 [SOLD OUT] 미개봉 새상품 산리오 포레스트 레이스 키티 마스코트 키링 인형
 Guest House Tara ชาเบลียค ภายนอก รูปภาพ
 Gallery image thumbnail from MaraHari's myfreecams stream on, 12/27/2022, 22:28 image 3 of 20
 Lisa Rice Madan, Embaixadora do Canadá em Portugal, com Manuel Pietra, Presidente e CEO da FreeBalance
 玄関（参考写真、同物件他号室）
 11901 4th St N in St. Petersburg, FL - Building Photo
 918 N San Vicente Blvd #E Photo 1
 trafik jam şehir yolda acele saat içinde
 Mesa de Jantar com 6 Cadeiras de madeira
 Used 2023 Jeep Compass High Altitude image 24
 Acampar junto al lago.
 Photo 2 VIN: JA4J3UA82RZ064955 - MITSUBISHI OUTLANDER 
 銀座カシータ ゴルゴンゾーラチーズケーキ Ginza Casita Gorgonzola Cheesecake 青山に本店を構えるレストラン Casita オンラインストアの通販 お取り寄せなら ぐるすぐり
+++
### EXERCISE DETAILS
Search the entries for "Photo" and copy out each line that has it.

### TASK ANSWER
 11901 4th St N in St. Petersburg, FL - Building Photo
 918 N San Vicente Blvd #E Photo 1
 Photo 2 VIN: JA4J3UA82RZ064955 - MITSUBISHI OUTLANDER 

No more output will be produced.